=== Section Start ===
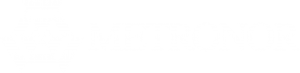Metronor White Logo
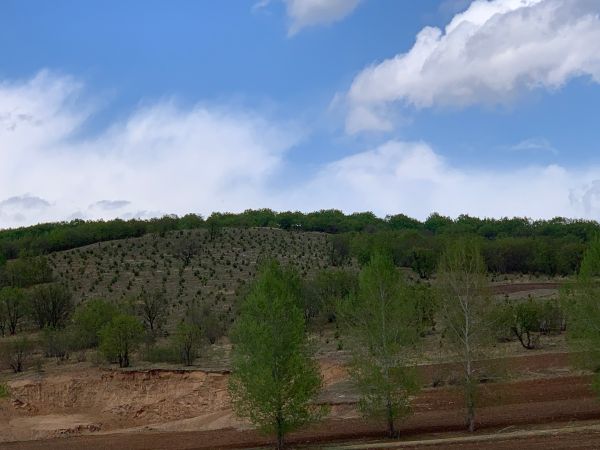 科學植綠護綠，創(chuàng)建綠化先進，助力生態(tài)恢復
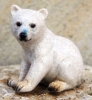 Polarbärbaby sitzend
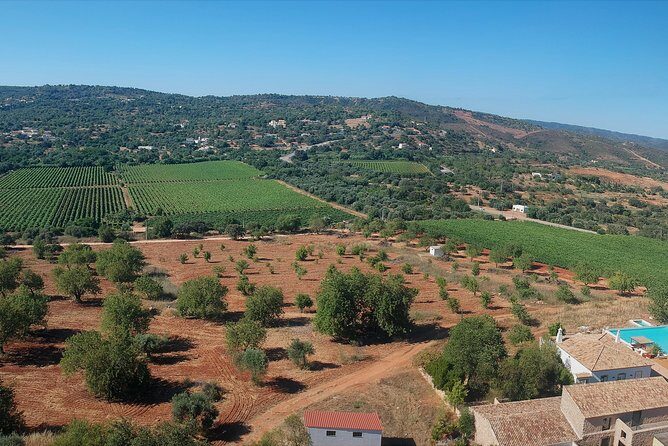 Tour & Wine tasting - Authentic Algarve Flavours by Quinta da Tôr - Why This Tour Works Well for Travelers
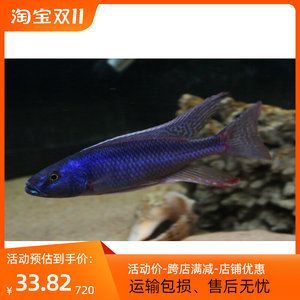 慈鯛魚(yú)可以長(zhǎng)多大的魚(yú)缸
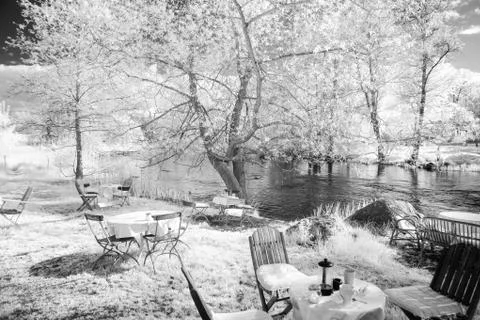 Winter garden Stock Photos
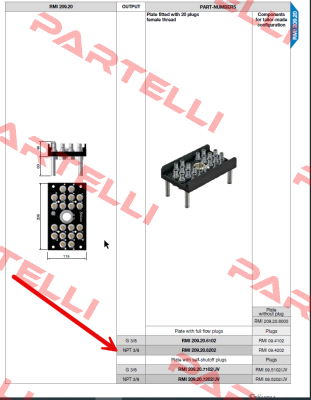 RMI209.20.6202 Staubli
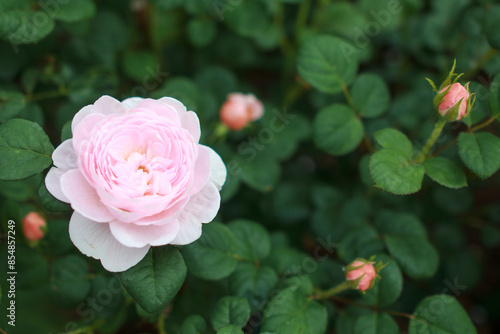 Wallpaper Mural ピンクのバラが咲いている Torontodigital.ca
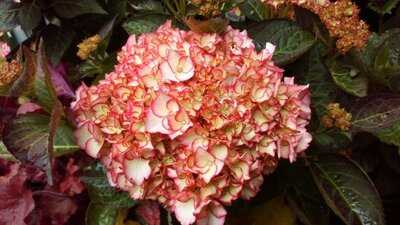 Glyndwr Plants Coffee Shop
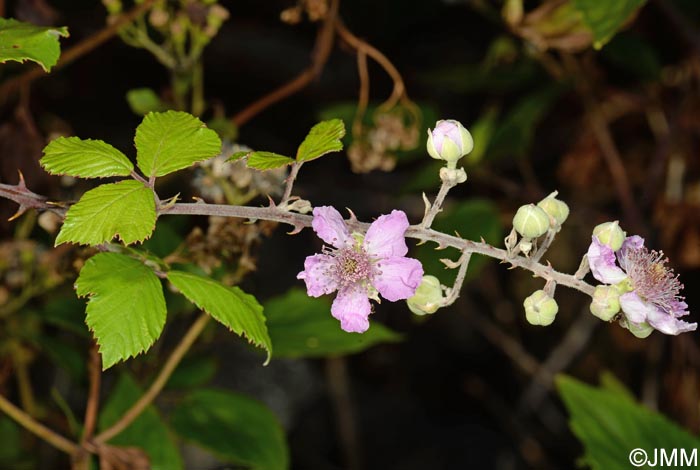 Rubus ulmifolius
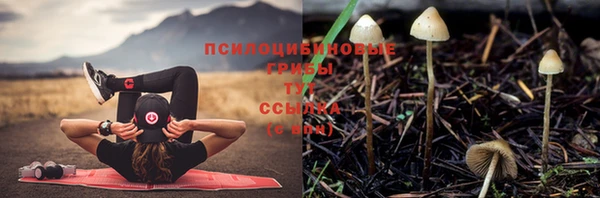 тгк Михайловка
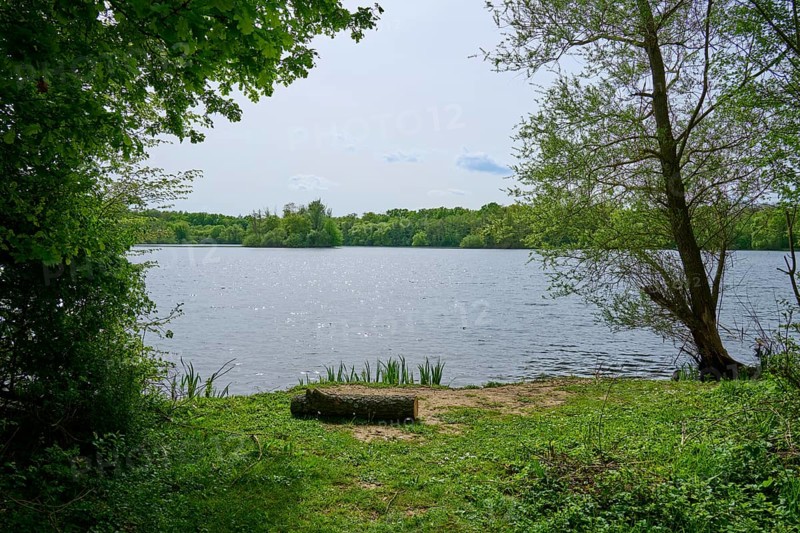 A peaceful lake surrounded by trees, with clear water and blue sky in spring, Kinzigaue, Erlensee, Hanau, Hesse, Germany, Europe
=== Section End ===
=== Section Start ===
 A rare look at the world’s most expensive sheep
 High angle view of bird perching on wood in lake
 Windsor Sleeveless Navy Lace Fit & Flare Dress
=== Section End ===
=== Section Start ===
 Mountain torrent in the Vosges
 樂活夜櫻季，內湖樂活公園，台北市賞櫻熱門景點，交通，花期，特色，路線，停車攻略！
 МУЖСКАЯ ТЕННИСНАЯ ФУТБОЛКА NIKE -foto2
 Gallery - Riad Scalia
=== Section End ===
GOAL OF THE EXERCISE
Please repeat, exactly as written, the lines in the records above, starting with the one that has "RMI209.20.6202 Staubli" and going on through the one that has "A peaceful lake". Pictures are to be left out.

TASK SOLUTION
 RMI209.20.6202 Staubli
 Wallpaper Mural ピンクのバラが咲いている Torontodigital.ca
 Glyndwr Plants Coffee Shop
 Rubus ulmifolius
 тгк Михайловка
 A peaceful lake surrounded by trees, with clear water and blue sky in spring, Kinzigaue, Erlensee, Hanau, Hesse, Germany, Europe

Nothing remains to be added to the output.